WHAT YOU SHOULD DO => Restate all the lines below word for word, but omit the pictures.

DATASET EXTRACT =>
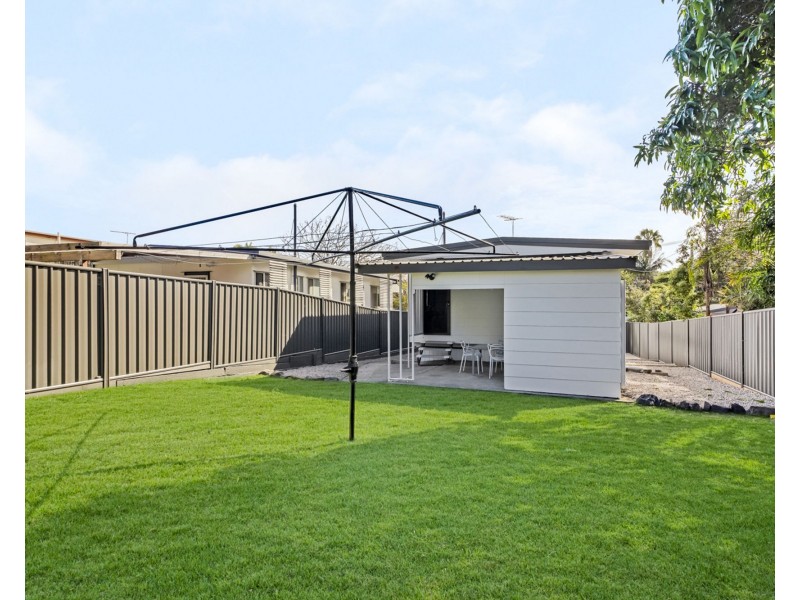 49 Boothby Street, Kedron QLD 4031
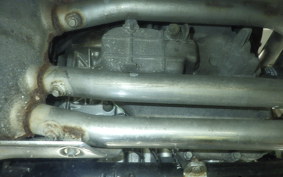 HONDA X4 LD 2003 SC38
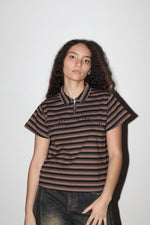 rivet polo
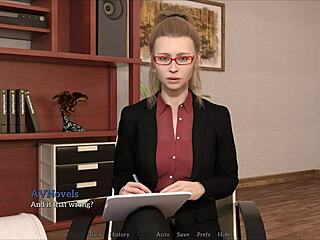 my new memories unfold in episode 25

TASK OUTPUT =>
 49 Boothby Street, Kedron QLD 4031
 HONDA X4 LD 2003 SC38
 rivet polo
 my new memories unfold in episode 25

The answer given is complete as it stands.